In 1987 I published the theory of the Book of Mormon as a Modern Expansion of an Ancient Source. I wrote the article as a bit of apologetics to show that assumptions made by both believers and critics lead to unwarranted conclusions.
I believe that the expansion theory is more cogent now than it has ever been. Let me explain three reasons why the expansion theory is essential to assessing the Book of Mormon:
(1) Those who write about the Book of Mormon in its ancient American setting necessarily adopt the expansion theory implicitly. (e.g., John Sorenson et al.) To make sense of the animals, plants, metals, weapons, directions and so forth mentioned in the Book of Mormon, we must assume that the words in the English are approximations or “conceptual translations” to make sense of what we know actually existed. For example, John Sorenson states: “In order to make sense [of animals identified in the Book of Mormon], we must consider a wide range of historical, linguistic and natural scientific information in search of clues to interpret the scripture’s statements…. But isn’t it ovious that the ‘cow’ of the Book of Mormon was our familiar bovine, straight out without all this hegding? No, it is not at all obvious. First, we are trying to figure out what the Book of Mormon really means by the words we have in English translation … Second, there is a lack of reliable evidence — historical, archaeological, zoological, or linguistic — that Old World cows were present in the Americas in pre-columbian times.” (AnAncient American Setting, 89, 294) Sorenson gives a long list of possible candidates for the animals mentioned in the BofM that were found in ancient America on p. 299-300. All of them are merely conceptual approximations. He does the same for metals, weapons, plants, compass directions and so forth listed in the Book of Mormon. My point is that to make sense of what we know from archaeology, paleo-botany, paleontology and so forth, we must assume that the BofM was translated rather loosely and was based on Joseph Smith’s conceptual abilities and horizons.

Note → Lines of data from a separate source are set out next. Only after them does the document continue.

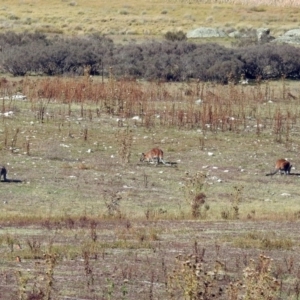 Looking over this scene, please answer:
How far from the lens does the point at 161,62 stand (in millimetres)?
38500

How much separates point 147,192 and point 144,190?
0.20m

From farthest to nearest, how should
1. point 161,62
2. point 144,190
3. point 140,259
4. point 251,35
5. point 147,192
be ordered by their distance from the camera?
point 251,35 → point 161,62 → point 144,190 → point 147,192 → point 140,259

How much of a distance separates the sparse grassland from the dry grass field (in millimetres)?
39

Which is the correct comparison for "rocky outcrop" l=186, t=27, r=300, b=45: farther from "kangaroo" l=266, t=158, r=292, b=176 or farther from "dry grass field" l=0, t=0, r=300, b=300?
"kangaroo" l=266, t=158, r=292, b=176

(2) To make sense of the text, we must accept that Joseph Smith was free to choose the language in which to express the translation. It is rather clear to me that the language chosen mirrors the KJV and adopts its phraseology and mode of expression throughout. However, it would be a mistake to assume that the expansion theory is somehow invalidated if we cannot find textual aporia or breaks in continuity that show where the ancient text leaves off and the new modern text begins. To look for such aporia (as Terryl Givens does) is to misunderstand what the expansion theory claims. Rather, the point of the theory is that the very nature of revelation included the limitations and horizons of Joseph Smith ability to conceptualize, express and explain the text. The theory is based on the fact that all human experience is conceptual and involves interpretation from a point of view. The theory thus argues:
(1) All human experience involves interpretation from a particular point of view.
(2) The revelation that resulted in the Book of Mormon was at least in part a human experience.
(c) Therefore, the revelation that resulted in the Book of Mormon involved interpretation from a particular point of view at least in part.
One of the strengths of the expansion theory is that it sees all of Joseph Smith’s prophetic translations as being of the same kind. Joseph didn’t translate the BofM because he knew Hebrew and/or reformed Egyptian; he didn’t translate the Book of Abraham because he read Egyptian etc. Rather, these translations were the same as the Book of Moses and the parchment of John that he translated now contained in D&C 7. He could translate because he received revelation; and the revelation involved his input in explaining, expanding and making sense of what he received. JS felt free to change, amend, add to, delete from and generally edit the revelations that he received in the Doctrine & Covenants — and he treated the BofM text in the same way when he made changes to it in 1837. The Book of Mormon cannot be a “literal translation” or JS’s changes don’t make sense. However, if JS is giving the best expression and explanation that he knows how to give, and later has greater capacity to explain the text or “translation” in a better way, he felt free to do so.
(3) It has now been 18 years since the expansion theory was first published and to date not a single critic of the Book of Mormon has attempted to explain the presence of convicing evidence of antitiquity that I cited in my 1987 article: viz., ancient prophetic call forms, ancient Israelite covenant renewal rituals and forms and formal Hebrew legal procedures. In my view, the presence of these forms is fairly clear in the text of the BofM and they are very difficult to explain on the assumption that it was written by anyone in the 19th century. To date, the only theory that accounts for these ancient forms and the presence of modern expansions that are fairly evidence is the expansion theory.
I believe that the Book of Mormon is precisely what it claims to be: a book translated by the gift and power of God that tells us about the record of an ancient people. However, translation by the gift and power of God isn’t translation based upon an isomorphic rendering of an underlying text into English based on a knowledge of the ancient textual language; rather, it is a revelation from God which involves necessarily the limitations of vocabulary, conceptuality and horizons of God’s servant chosen to render it into English for us.